= Required action =
From the line containing "villa.stone.1" to the line containing "Retro mid century home for shoots image 1" in the entries below, reproduce every line exactly, ends included. Nothing else belongs in the copy, and no pictures.

= Data supplied =
____

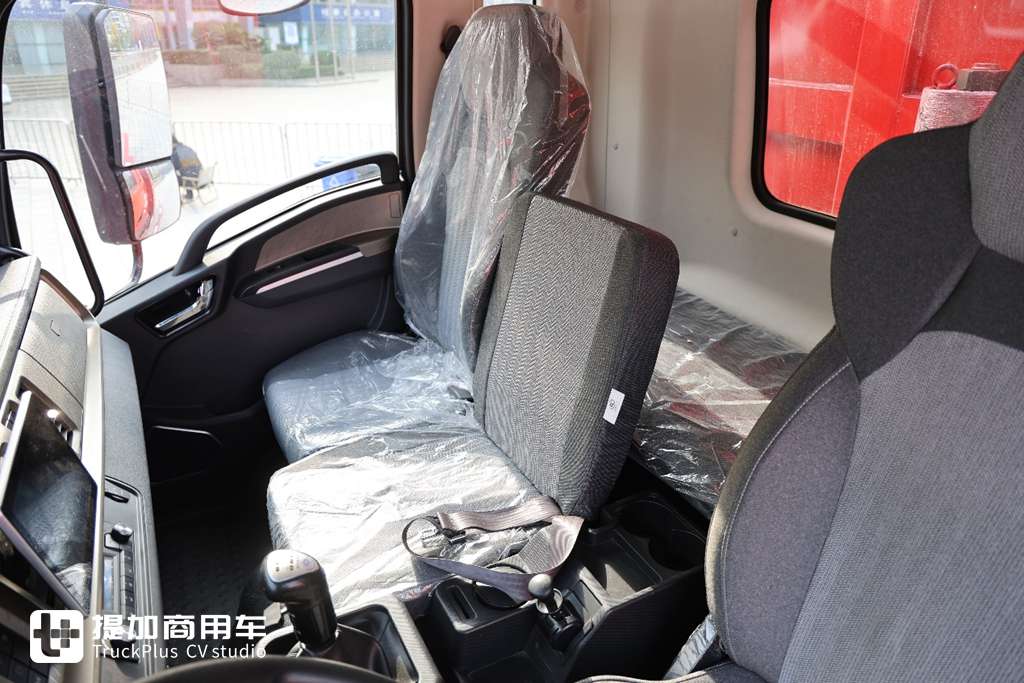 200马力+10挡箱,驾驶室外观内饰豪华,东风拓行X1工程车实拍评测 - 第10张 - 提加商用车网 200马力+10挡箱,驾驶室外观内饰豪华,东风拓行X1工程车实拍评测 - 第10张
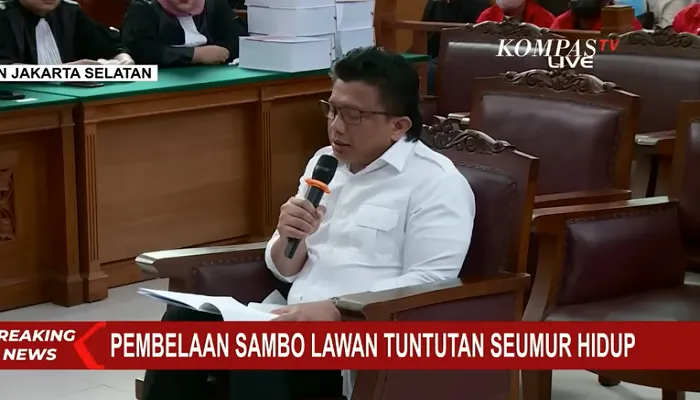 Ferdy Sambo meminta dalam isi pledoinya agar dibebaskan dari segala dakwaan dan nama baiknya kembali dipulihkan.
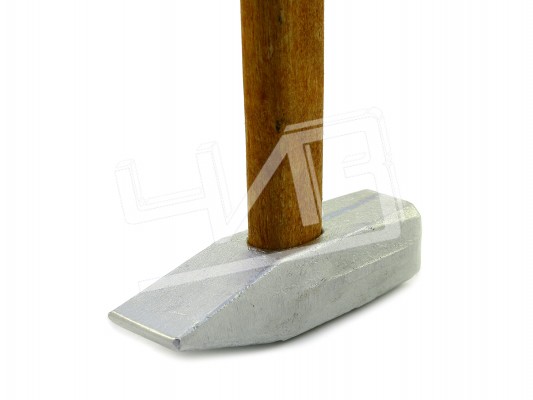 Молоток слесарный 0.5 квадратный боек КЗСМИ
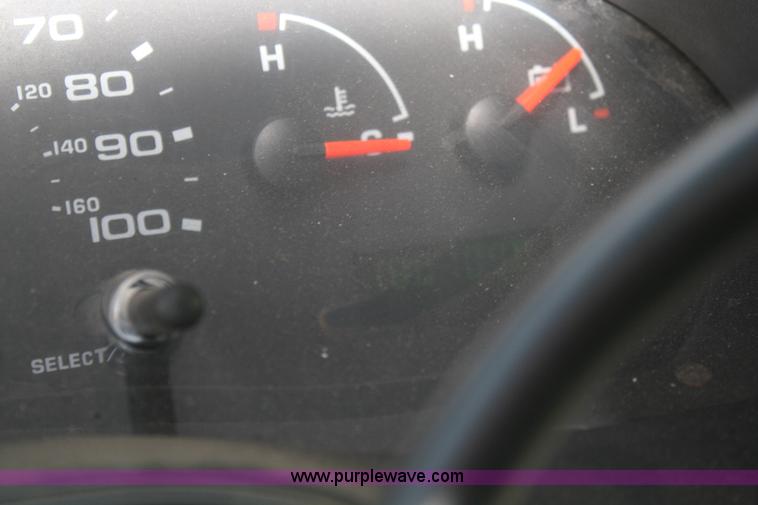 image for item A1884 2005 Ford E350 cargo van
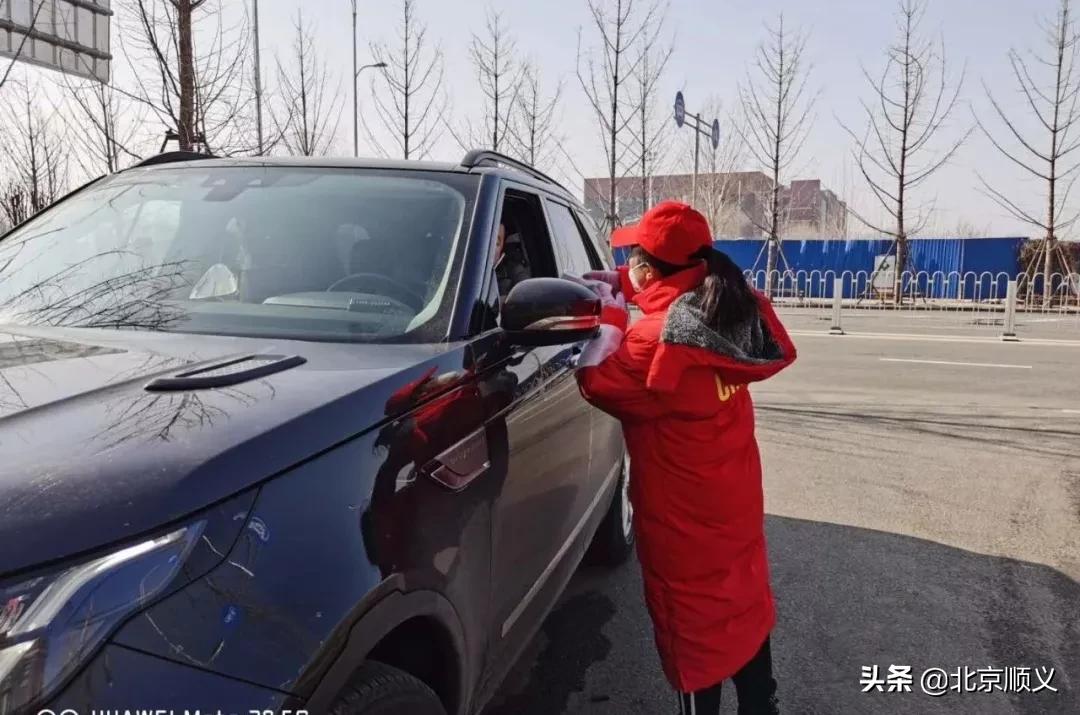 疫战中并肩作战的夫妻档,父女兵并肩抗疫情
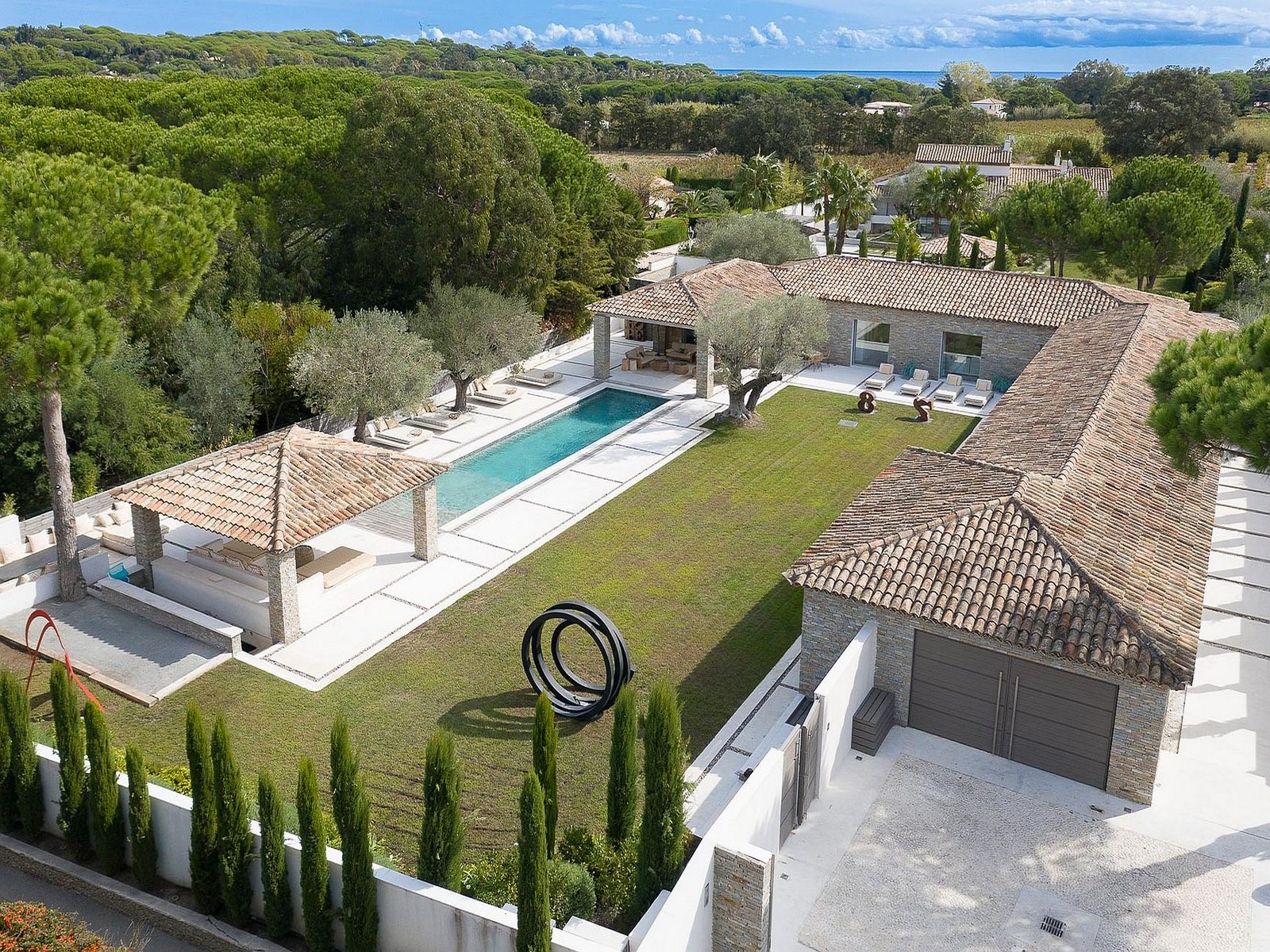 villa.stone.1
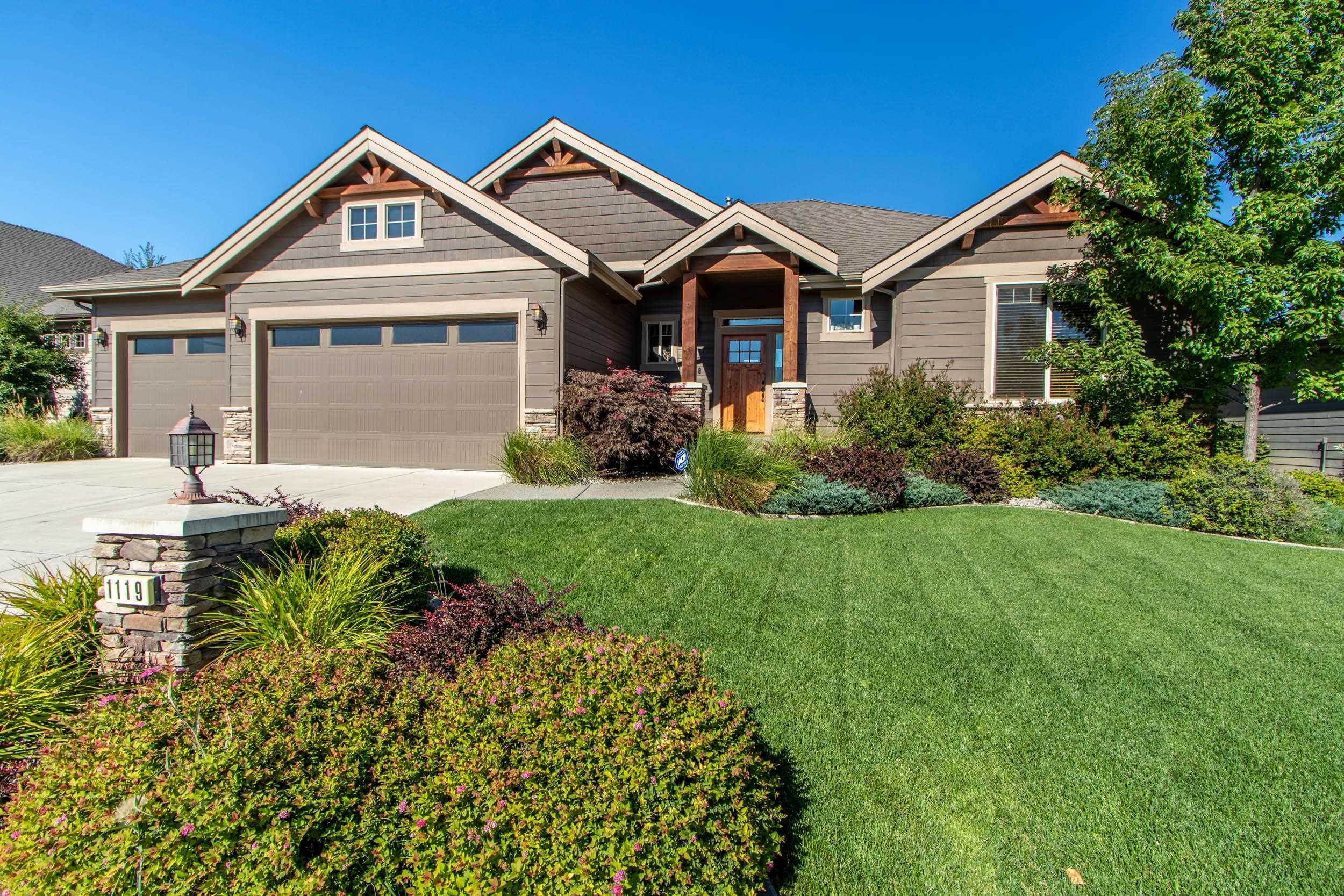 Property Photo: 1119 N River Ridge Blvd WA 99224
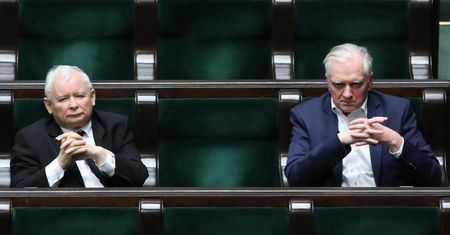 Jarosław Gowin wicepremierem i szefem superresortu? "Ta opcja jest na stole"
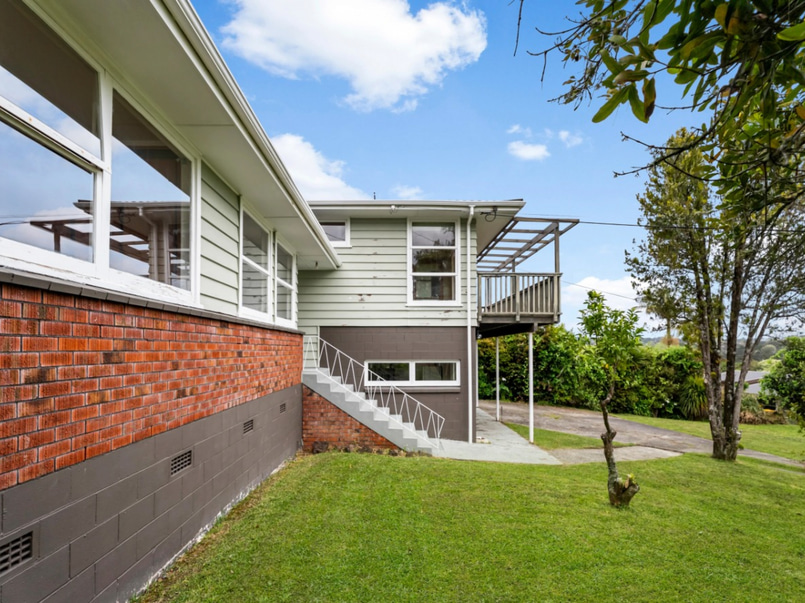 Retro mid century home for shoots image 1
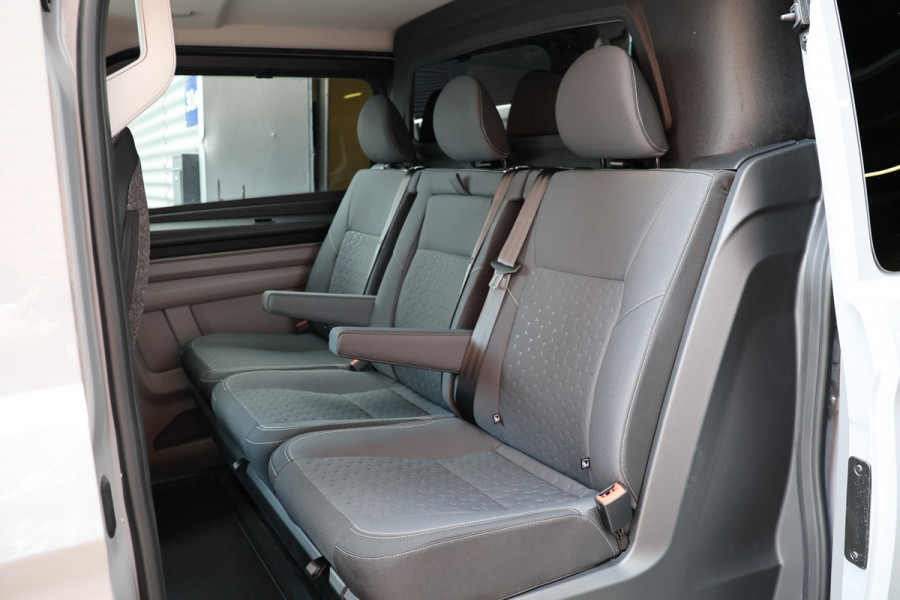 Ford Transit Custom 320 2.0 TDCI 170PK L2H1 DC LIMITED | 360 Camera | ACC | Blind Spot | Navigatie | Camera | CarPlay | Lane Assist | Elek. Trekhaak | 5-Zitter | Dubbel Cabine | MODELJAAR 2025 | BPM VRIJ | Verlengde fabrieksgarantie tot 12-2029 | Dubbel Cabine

____

= Problem solution =
 villa.stone.1
 Property Photo: 1119 N River Ridge Blvd WA 99224
 Jarosław Gowin wicepremierem i szefem superresortu? "Ta opcja jest na stole"
 Retro mid century home for shoots image 1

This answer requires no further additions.